Pyrrhus is a foil to Hamlet: He is a son seeking vengeance for his father's death. A foil is a character whose qualities are opposite of a principal character and who brings into the foreground the qualities of that character.
Let's look toward Hamlet's speech for further understanding of the comparison:
HAMLET. The rugged Pyrrhus, like th' Hyrcanian beast,--
it is not so:-- it begins with Pyrrhus:--
The rugged Pyrrhus,--he whose sable arms,
Black as his purpose,did the night resemble
When he lay couched in the ominous horse,--
Hath now this dread and black complexion smear'd
With heraldry more dismal; head to foot
Now is be total gules; horridly trick'd
With blood of fathers, mothers, daughters, sons,
Bak'd and impasted with the parching streets,
That lend a tyrannous and a damned light
To their vile murders: roasted in wrath and fire,
And thus o'ersized with coagulate gore,
With eyes like carbuncles, the hellish Pyrrhus
Old grandsire Priam seeks.
So, proceed you. (Hamlet, II.ii)
This initial description of Pyrrhus is less than favorable than Hamlet's characterization. Pyrrhus is like a madman, covered from head to foot with the dried blood of his enemies, and not just of his father's killer, but of everyone--children, women--everyone related to Paris. He is in a crazed blood frenzy over his need for vengeance. Hamlet is the opposite: He seeks proof. He acts in measured ways. He believes he is punished by and when he slays an innocent man in the murder of Old Hamlet. He must be driven to act. He attempts to target only one man.

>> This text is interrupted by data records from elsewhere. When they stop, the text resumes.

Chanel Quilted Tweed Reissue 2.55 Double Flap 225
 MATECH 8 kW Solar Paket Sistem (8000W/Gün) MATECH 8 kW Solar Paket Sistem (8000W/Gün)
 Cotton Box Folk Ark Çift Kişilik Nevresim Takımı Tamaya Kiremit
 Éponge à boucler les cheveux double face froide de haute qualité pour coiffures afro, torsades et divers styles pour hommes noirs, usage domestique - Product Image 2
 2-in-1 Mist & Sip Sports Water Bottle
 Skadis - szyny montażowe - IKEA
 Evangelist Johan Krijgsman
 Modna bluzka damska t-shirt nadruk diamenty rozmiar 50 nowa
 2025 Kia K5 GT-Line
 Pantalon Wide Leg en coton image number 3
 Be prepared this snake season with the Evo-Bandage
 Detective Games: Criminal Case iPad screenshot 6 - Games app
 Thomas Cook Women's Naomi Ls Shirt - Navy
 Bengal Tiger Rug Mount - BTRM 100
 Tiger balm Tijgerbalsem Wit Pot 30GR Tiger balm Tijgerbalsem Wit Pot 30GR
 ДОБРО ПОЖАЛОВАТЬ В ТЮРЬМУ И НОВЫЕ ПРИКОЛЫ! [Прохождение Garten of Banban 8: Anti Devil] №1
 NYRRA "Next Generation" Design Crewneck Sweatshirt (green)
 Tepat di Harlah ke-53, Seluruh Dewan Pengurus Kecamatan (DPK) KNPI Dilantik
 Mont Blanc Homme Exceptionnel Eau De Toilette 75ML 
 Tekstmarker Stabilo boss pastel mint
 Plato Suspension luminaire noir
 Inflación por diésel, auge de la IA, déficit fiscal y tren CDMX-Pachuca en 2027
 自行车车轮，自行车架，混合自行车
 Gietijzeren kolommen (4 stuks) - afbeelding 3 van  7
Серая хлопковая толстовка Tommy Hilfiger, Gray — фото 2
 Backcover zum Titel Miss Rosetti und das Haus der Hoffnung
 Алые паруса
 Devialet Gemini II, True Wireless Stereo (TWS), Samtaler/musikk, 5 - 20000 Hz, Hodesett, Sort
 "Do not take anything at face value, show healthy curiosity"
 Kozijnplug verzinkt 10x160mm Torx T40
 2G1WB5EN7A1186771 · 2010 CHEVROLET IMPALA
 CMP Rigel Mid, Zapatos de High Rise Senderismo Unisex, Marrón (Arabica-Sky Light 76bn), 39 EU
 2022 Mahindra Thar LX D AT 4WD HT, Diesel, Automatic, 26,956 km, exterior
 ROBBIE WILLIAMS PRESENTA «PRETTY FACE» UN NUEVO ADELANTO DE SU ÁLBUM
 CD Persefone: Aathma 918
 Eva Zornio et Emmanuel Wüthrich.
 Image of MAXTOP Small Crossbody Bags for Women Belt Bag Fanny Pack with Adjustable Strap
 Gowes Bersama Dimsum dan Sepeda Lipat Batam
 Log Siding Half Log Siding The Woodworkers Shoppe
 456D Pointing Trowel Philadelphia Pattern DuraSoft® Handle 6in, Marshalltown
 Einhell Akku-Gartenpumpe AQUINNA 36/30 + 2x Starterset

PLAYER. Anon he finds him,
Striking too short at Greeks: his antique sword,
Rebellious to his arm, lies where it falls,
Repugnant to command: unequal match'd,
Pyrrhus at Priam drives; in rage strikes wide;
But with the whiff and wind of his fell sword
The unnerved father falls. Then senseless Ilium,
Seeming to feel this blow, with flaming top
Stoops to his base; and with a hideous crash
Takes prisoner Pyrrhus' ear: for lo! his sword,
Which was declining on the milky head
Of reverend Priam, seem'd i' the air to stick:
So, as a painted tyrant, Pyrrhus stood;
And, like a neutral to his will and matter,
This is interesting: Pyrrhus has his sword poised to kill Priam (whom, coincidentally, his own father, Achilles, had once spared) when, for some reason, he hesitates; he is frozen for a moment. This hesitation could be a symbol of Hamlet's own hesitation in killing Claudius and seeking the Ghost's revenge for the murder of Hamlet's father, Old Hamlet.
PLAYER. But as we often see, against some storm,
A silence in the heavens, the rack stand still,
The bold winds speechless, and the orb below
As hush as death, anon the dreadful thunder
Doth rend the region; so, after Pyrrhus' pause,
A roused vengeance sets him new a-work;
And never did the Cyclops' hammers fall
On Mars's armour, forg'd for proof eterne,
With less remorse than Pyrrhus' bleeding sword
Now falls on Priam.--
Eventually Pyrrhus acts on his desire for vengeance. His excess shows that Pyrrhus is a vicious sort. He is far less noble than Achilles who could show mercy, and far less noble than Hamlet; Hamlet is quintessentially noble and merciful, though he is driven outside himself by the Ghost's demands (V.ii). In these scenes, Pyrrhus reminds the reader more of Claudius who shows no mercy: He kills his own brother for the crown and queen; he plots Hamlet's death when Hamlet seems a threat to him.
This mercilessness and the gore-covered Pyrrhus could also be foreshadowing of the ultimate carnage that will result from Hamlet's efforts at attaining vengeance.